Addison Niles


Addison Cook Niles was an attorney and served as associate justice on the Supreme Court of California from 1872-1880.

Biography

Addison Cook Niles was born in Rensselaerville, New York to John Niles and Mary Cook. Niles had two younger brothers: John Hamiton Niles and Charles Mumford Niles; and six sisters: Laura Niles, Cornelia Deborah Niles, Mary Corinthia Niles, Henrietta Amelia Niles, and Emily Harriet Niles.
In 1852, Niles graduated from Williams College and began reading law in the office of Increase Sumner at Great Barrington, Massachusetts, and with Rufus King at Catskill, New York. In 1855, Niles was admitted to the New York bar, and then came to Nevada City, California, the center of gold prospecting.
Niles entered into private practice with various attorneys, including Thomas Bard McFarland, John R. McConnell, Aaron A. Sargent, and Niles Searls, his cousin and brother-in-law.
In 1862, Niles won election as a Union party candidate for Nevada County judge.
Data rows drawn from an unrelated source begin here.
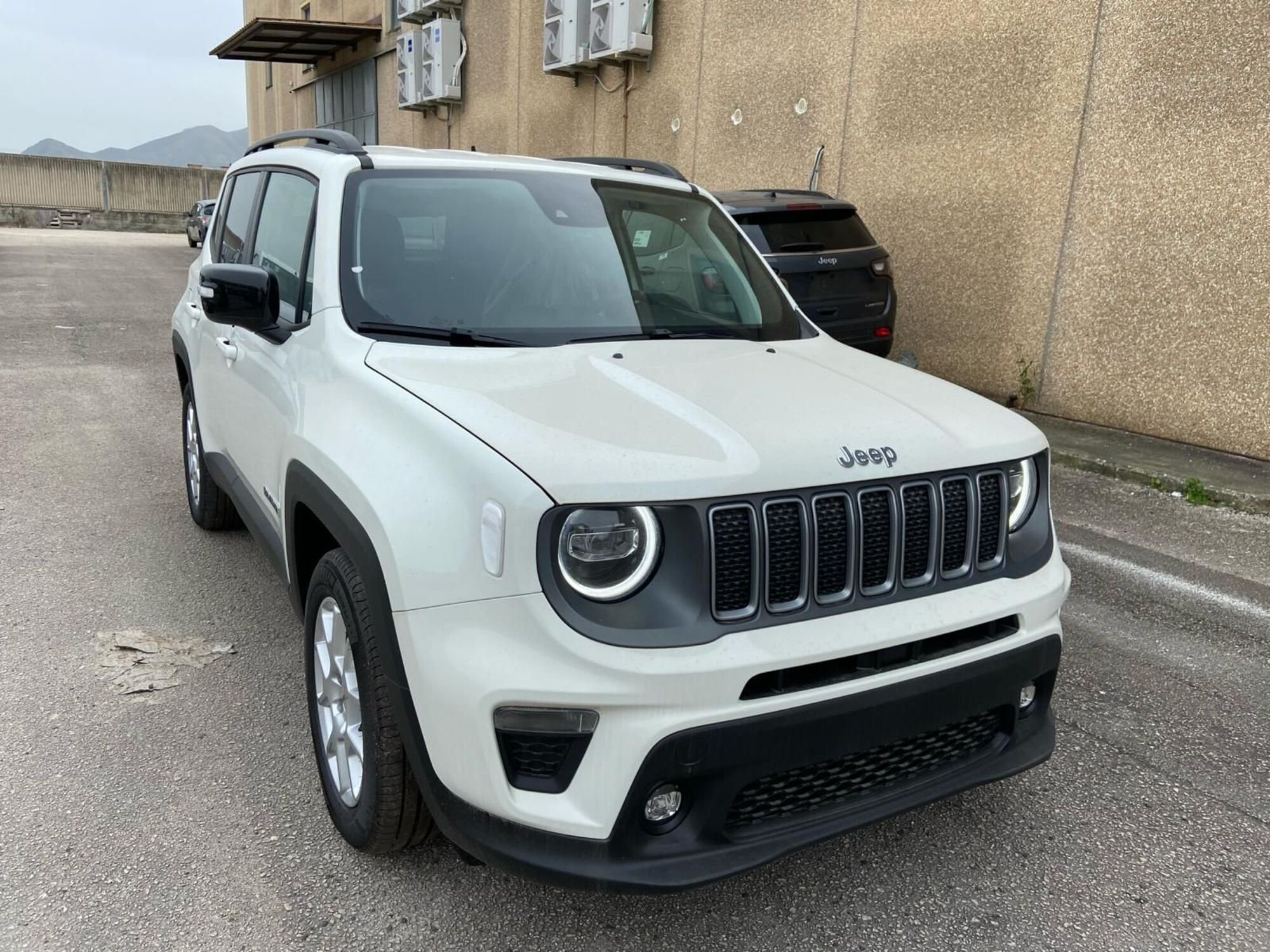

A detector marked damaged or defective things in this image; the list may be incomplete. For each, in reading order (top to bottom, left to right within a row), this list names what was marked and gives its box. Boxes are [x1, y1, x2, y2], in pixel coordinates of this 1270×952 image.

cracked asphalt [0, 227, 1265, 949]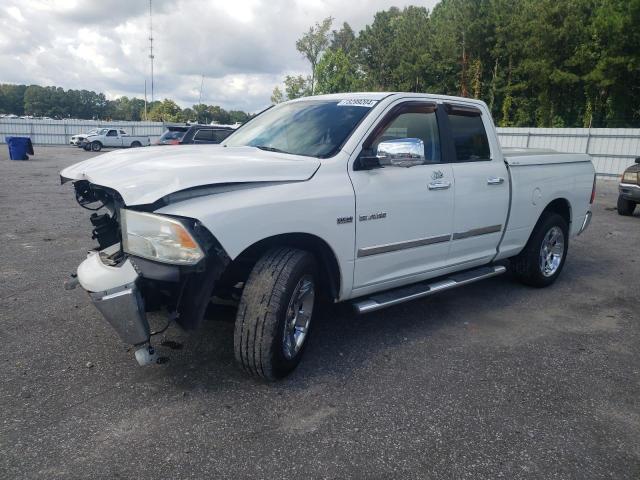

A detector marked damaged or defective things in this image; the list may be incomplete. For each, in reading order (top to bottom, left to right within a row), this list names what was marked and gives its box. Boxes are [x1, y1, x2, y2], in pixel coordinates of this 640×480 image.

crushed hood [60, 143, 320, 205]
broken headlight [122, 209, 205, 264]
damaged front end [65, 182, 229, 366]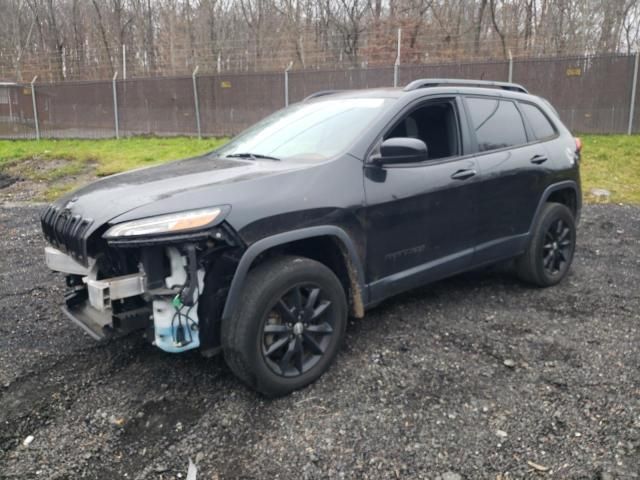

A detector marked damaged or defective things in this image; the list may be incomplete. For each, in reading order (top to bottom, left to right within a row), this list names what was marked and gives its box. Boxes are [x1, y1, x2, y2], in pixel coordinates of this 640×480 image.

exposed headlight [104, 206, 224, 238]
crumpled hood [51, 154, 306, 234]
damaged front end [41, 203, 244, 356]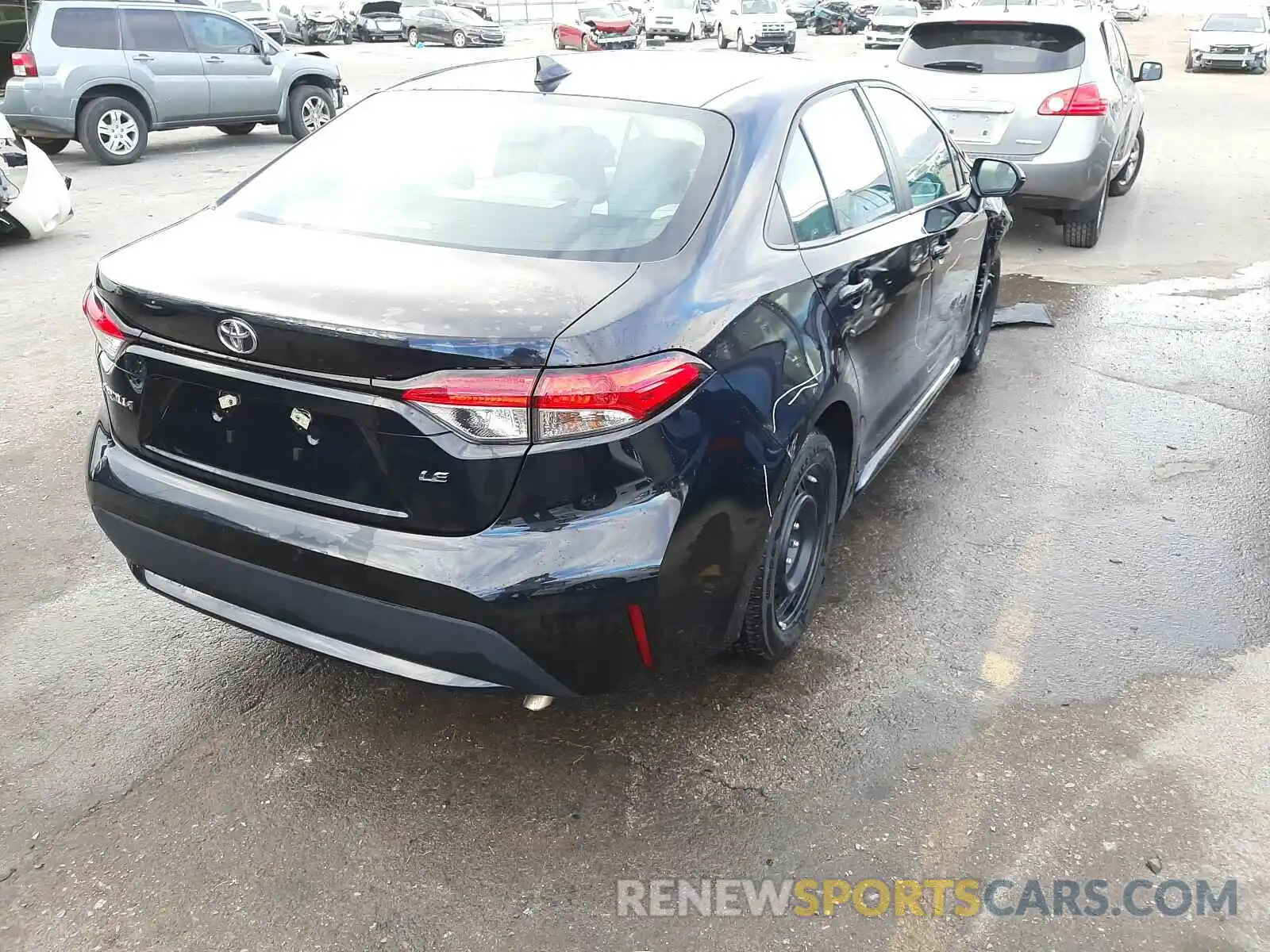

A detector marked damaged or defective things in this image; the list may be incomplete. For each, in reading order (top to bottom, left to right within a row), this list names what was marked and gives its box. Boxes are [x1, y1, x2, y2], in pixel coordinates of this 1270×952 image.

damaged white car [0, 112, 72, 240]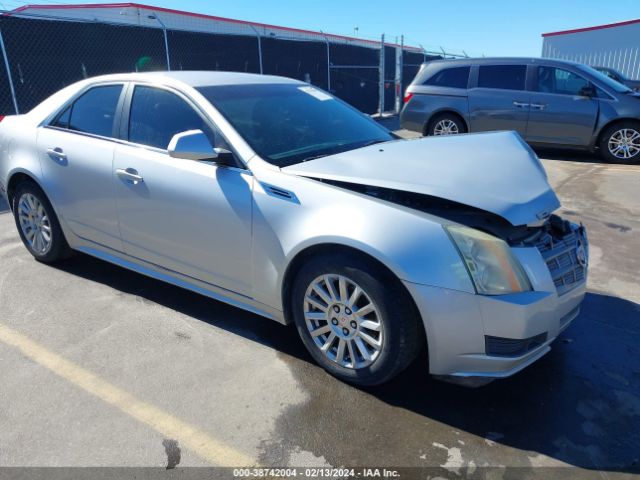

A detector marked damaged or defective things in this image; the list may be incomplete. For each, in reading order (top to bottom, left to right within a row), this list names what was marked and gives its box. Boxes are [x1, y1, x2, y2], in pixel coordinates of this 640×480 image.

crumpled hood [284, 130, 560, 226]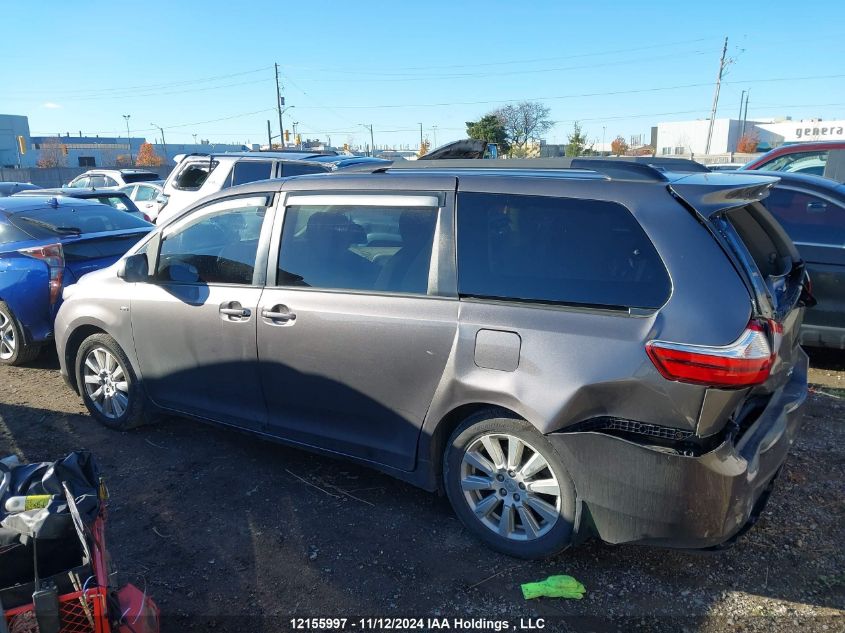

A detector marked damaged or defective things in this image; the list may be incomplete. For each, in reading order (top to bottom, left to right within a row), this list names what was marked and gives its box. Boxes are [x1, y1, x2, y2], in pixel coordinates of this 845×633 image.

damaged rear bumper [544, 346, 808, 548]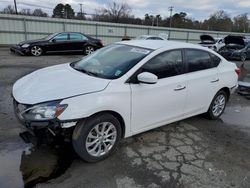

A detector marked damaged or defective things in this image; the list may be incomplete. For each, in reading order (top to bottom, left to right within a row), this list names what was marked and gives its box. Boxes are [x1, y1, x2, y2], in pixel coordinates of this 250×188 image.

cracked headlight [21, 101, 67, 120]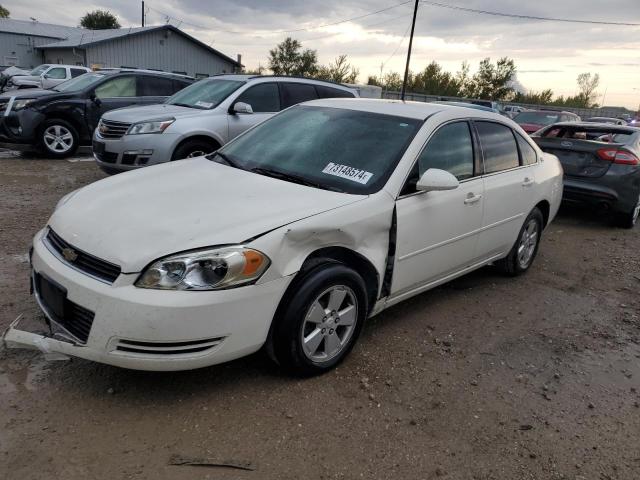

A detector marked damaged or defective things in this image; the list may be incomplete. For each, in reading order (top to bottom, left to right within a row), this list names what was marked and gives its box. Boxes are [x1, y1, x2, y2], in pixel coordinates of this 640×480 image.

cracked headlight [127, 118, 175, 135]
cracked headlight [135, 248, 270, 288]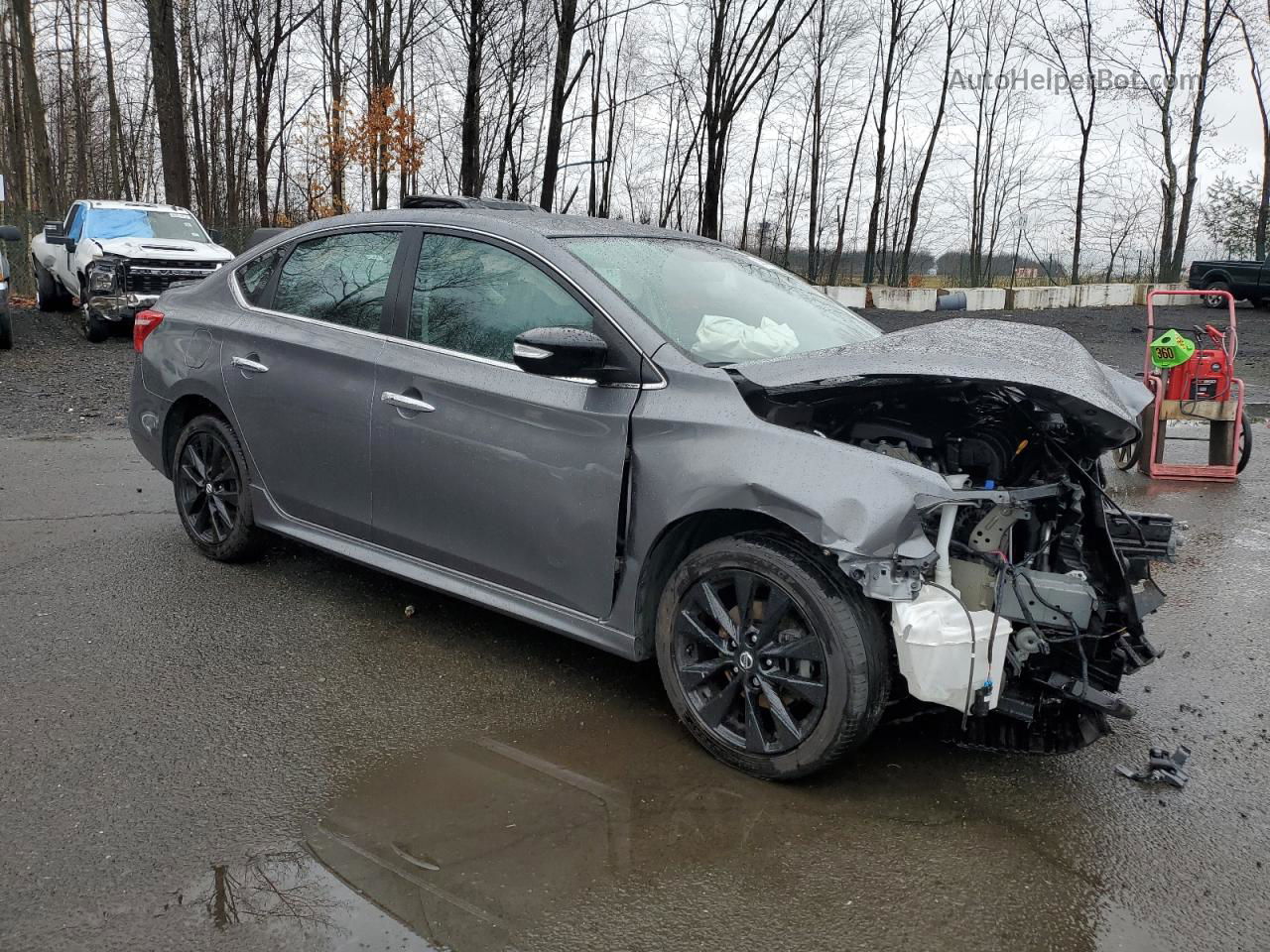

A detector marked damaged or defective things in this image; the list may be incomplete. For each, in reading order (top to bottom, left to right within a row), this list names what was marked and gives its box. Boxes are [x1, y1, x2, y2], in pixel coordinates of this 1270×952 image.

crumpled hood [90, 238, 234, 265]
crumpled hood [736, 318, 1153, 441]
damaged gray nissan sentra [128, 205, 1178, 776]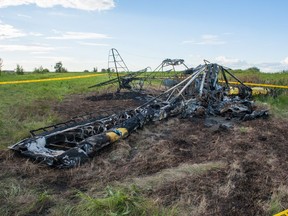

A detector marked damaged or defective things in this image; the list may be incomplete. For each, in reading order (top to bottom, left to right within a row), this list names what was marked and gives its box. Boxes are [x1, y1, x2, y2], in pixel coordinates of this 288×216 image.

burned aircraft wreckage [10, 61, 268, 168]
fire damage [10, 61, 268, 168]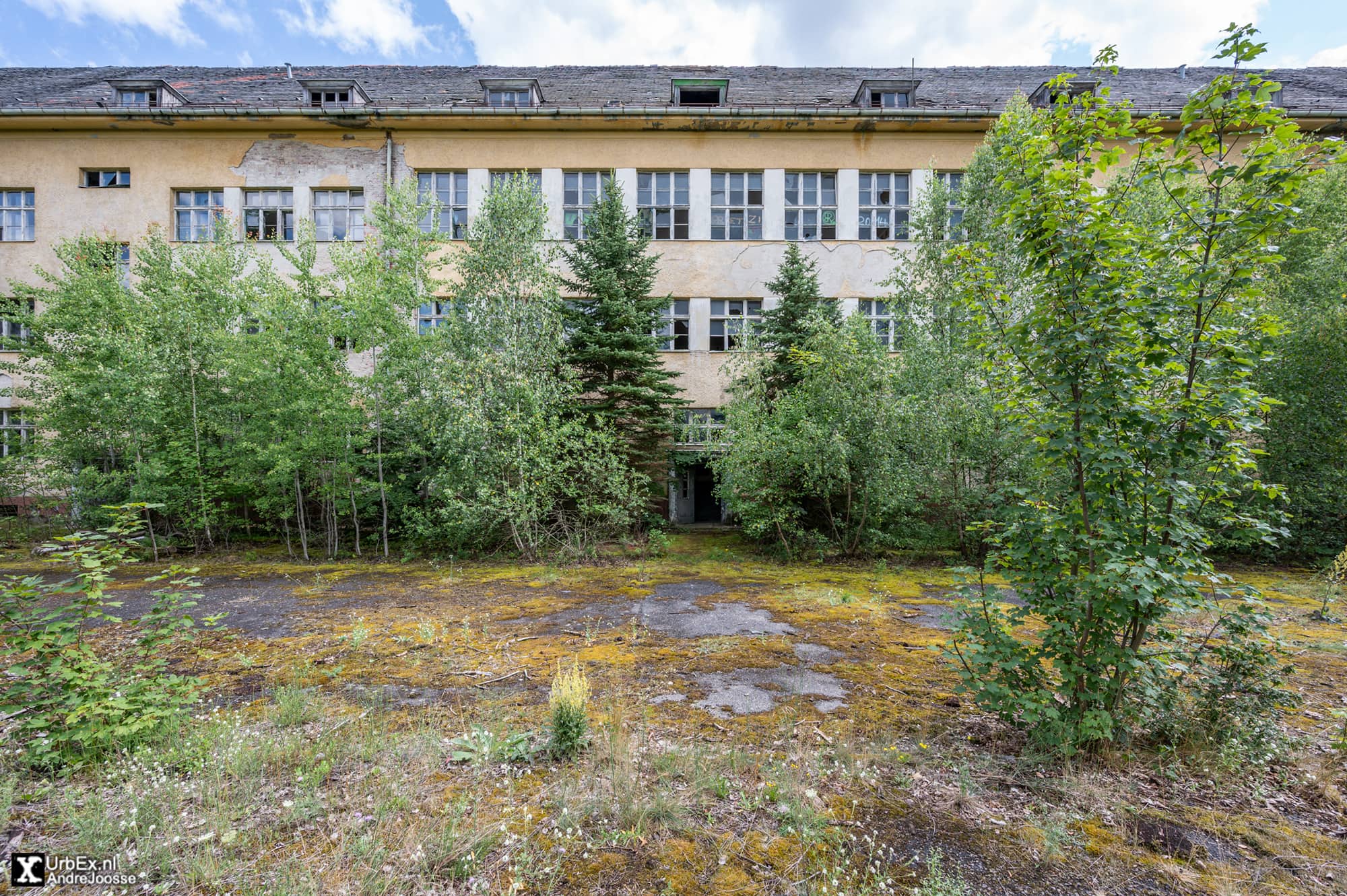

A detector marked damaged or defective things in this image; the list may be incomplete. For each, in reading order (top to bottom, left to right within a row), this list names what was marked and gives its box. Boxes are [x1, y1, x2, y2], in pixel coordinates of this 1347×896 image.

broken window [118, 88, 158, 108]
broken window [308, 88, 350, 107]
broken window [482, 88, 528, 107]
broken window [867, 90, 911, 108]
broken window [0, 189, 35, 240]
broken window [83, 172, 130, 189]
broken window [174, 189, 226, 240]
broken window [245, 189, 295, 242]
broken window [310, 189, 364, 240]
broken window [415, 171, 469, 236]
broken window [563, 170, 612, 239]
broken window [636, 170, 690, 239]
broken window [711, 170, 765, 239]
broken window [787, 170, 835, 239]
broken window [862, 170, 916, 239]
broken window [943, 169, 964, 239]
broken window [0, 296, 33, 344]
broken window [655, 296, 690, 344]
broken window [706, 298, 760, 349]
broken window [857, 296, 900, 344]
broken window [0, 409, 32, 457]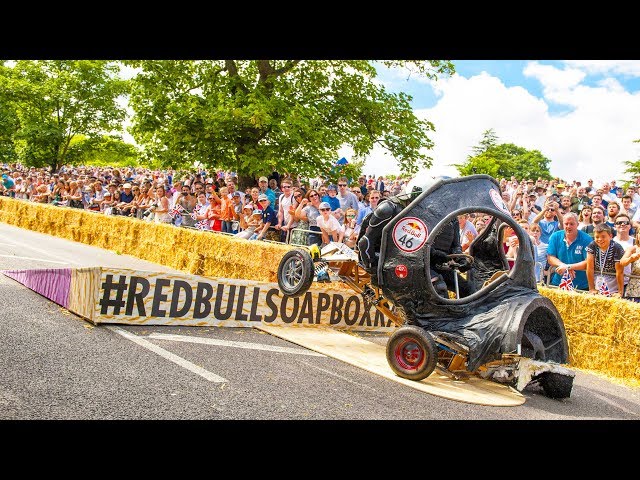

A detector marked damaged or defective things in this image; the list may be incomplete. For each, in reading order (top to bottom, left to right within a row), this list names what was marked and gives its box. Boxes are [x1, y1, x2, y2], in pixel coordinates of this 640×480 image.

crashed soapbox vehicle [278, 174, 576, 400]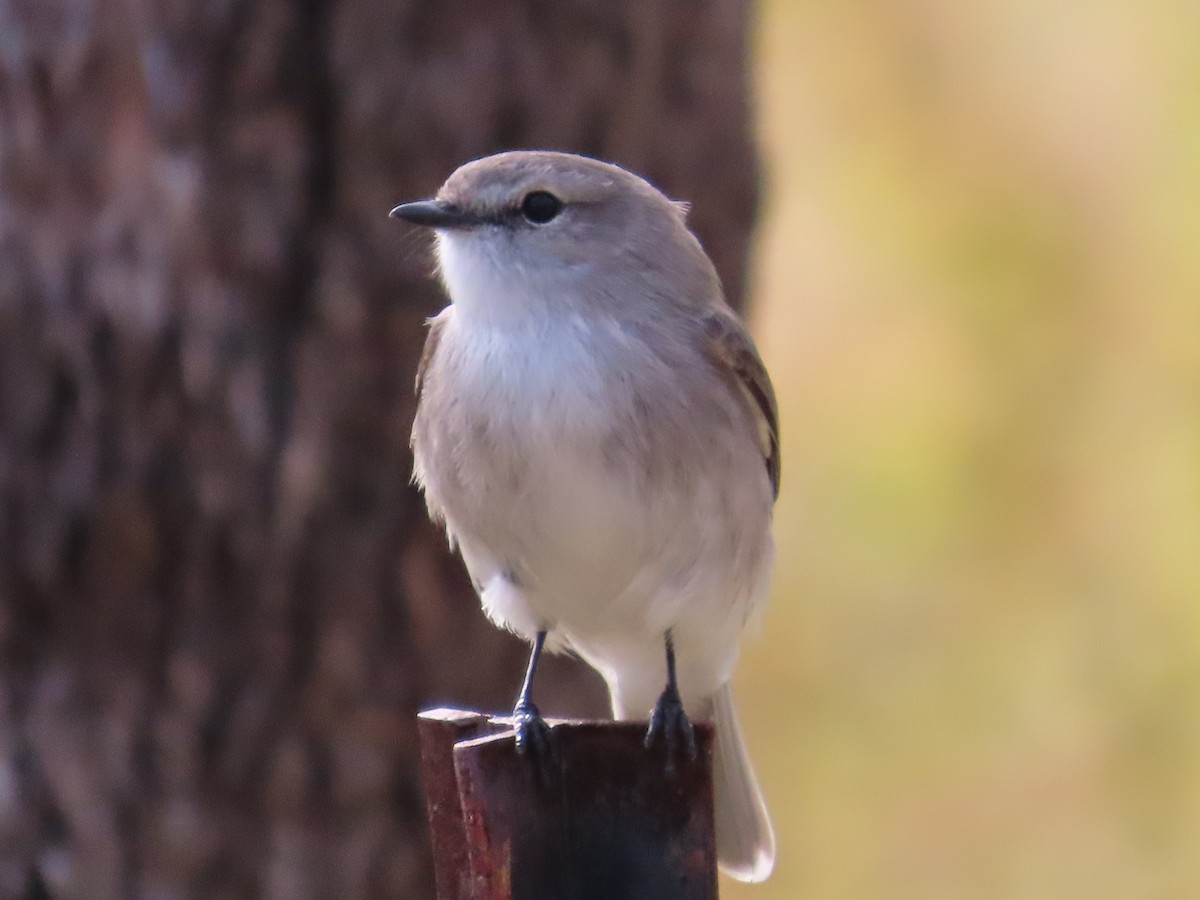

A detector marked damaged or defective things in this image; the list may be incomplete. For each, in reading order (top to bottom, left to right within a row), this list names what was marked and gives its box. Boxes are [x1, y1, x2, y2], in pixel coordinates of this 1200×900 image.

rusty metal post [417, 710, 715, 900]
In October 1863, he was nominated by the Union Party and was elected to a four-year term on the county court. In October 1867, he was re-elected to the trial court on the Union party ticket.
In 1871, Niles was nominated by the Republican party and won the election as a justice of the California Supreme Court. In the election, he defeated Jackson Temple for the unexpired term of Silas Sanderson, who had retired in 1869. In 1879, all seats of the Supreme Court were up for election due to the new constitution, and Niles chose not run for re-election.
After stepping down from the court he struggled with a drinking problem. In 1884, he suffered a serious bout of illness but recovered. He died on January 17, 1890, in San Francisco at age 57.

Honors and legacy

Around 1870 the Central Pacific Railroad established a railroad depot with a restaurant and saloon near Vallejo Mill and named it for Addison Niles, who was then an attorney for the railroad. Concomitantly, the settlement Vallejo Mill became known as Niles. However, the settlement did not develop commercially until the 1890s, by which time Judge Niles had died. Since 1956, Niles is a district in Fremont, California.
The Niles railroad station was situated at the mouth of the Alameda canyon, which was the major course of Alameda Creek. After 1870, the canyon became known as Niles Canyon and the section of the railroad therein the Niles Canyon Railway, which was part of the westernmost leg of the First Transcontinental Railroad.

Personal life

On April 13, 1859, Niles married Elizabeth Caldwell in Placer County, California, and they had one son, Addison Perkins Niles.
His first cousin, Niles Searls, Chief Justice of the California Supreme Court from 1887 to 1889, was married to Addison's sister, Mary Corinthia Niles.